One way she did that was to unveil a new capsule line called féng—a word that encompasses the Chinese words for “meet” and “sew.” An homage to high craftsmanship, these entirely handmade pieces played up visible stitching, appliqué, embroidery and inside-out constructions.

Wang described her work for spring as “weaving together the texture of the years, in an easy way.”That might mean picking up on the cracks or patina of ceramics and rendering them in textile, or taking pajama-light silk and using a 2,000 year-old ancestral technique to tug tiny threads so they pucker just so, before being dyed denim blue. There seemed to be a new maturity—or perhaps a newfound confidence—in laddered openwork polo knits and suiting with raw edges. Aqua denim was hand-dyed to mimic the ribbing on plants.
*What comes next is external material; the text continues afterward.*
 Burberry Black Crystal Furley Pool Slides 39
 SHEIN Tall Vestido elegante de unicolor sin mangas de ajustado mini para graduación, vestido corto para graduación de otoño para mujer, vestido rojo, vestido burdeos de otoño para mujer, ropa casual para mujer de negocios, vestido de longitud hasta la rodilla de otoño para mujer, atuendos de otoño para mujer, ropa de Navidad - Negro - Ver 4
Speaking of nature, Wang worked bamboo into clever mesh tops or cute little leather-free handbags, also under the féng label. A collector of ancient things and crafts, she wrapped up amphorae like handbags, and sent them out tucked under models’ arms not as something precious, but with the ease of a football. Once again, the designer rocked out on futuristic footwear: like moon boots from a sci-fi fantasy, towering shells slipped over UGG Tasman shoes that were finished with imperfections recalling the crackled finish of fired porcelain.

Wang often says she wants to create a new kind of bridge between East and West, past and future. With this collection, she seemed to make strides in speaking to a broader audience.